Presente e essencial em todos os lugares, inclusive na área da saúde, a internet oferece aos hospitais, consultórios médicos e Instituições médicas inúmeras possibilidades, recursos e vantagens. A utiliza- ção da tecnologia da informação cresce a cada dia, e vai desde o planejamento das ações até o atendimento do paciente, por meio dos prontuários eletrônicos. Porém, com todos esses avanços, ocorre também a necessidade de adotar algumas medidas a fim de garantir a integridade das informações que o médico detém, a privacidade dos pacientes e a segurança para todos os envolvidos. Com isso, surge a certificação digital, tecnologia que melhor organiza esses mecanismos. Com o intuito de esclarecer e lhe apresentar essa tecnologia e as suas vantagens, ouvimos o diretor executivo e de certificação da Sociedade Brasileira de Informática em Saúde (SBIS), Marcelo Lúcio da Silva.

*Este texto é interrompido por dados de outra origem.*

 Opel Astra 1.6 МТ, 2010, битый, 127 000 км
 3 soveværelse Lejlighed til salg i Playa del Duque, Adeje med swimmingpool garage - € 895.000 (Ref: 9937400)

1. A informática e a internet estão presentes em todos os lugares. E nos consultórios médicos não seria diferente. Prova disso é a modernização dos antigos prontuários médicos de papel pelos eletrônicos. O que são prontuários eletrônicos do paciente (PEP) e como eles funcionam no dia a dia do médico? Tecnicamente, podemos definir Prontuário Eletrônico do Paciente (PEP) como um sistema capaz de registrar, recuperar e manipular eletronicamente um repositório de informações a respeito da saúde de um ou mais indivíduos. Em termos práticos, o PEP equivale a uma versão eletrônica do prontuário do paciente em papel, trazendo consigo as inúmeras vantagens que o mundo digital pode oferecer em relação aos meios físicos analógicos. Um bom PEP deve oferecer ao médico condições para registrar todas as informações necessárias acerca de seus pacientes e respectivos atendimentos, porém de forma mais segura, dinâmica e eficiente do que faria em um prontuário em papel. Como principais vantagens, podemos citar que o PEP facilita o acesso às informações do paciente, possui maior disponibilidade, já que pode ser acessado de qualquer lugar e por qualquer pessoa autorizada, ao mesmo tempo em que evita o acesso por pessoas não autorizadas, torna o atendimento mais ágil através das facilidades providas no preenchimento das informações, evita problemas de legibilidade, facilita a pesquisa aos dados e economiza o espaço físico, necessário à guarda dos prontuários.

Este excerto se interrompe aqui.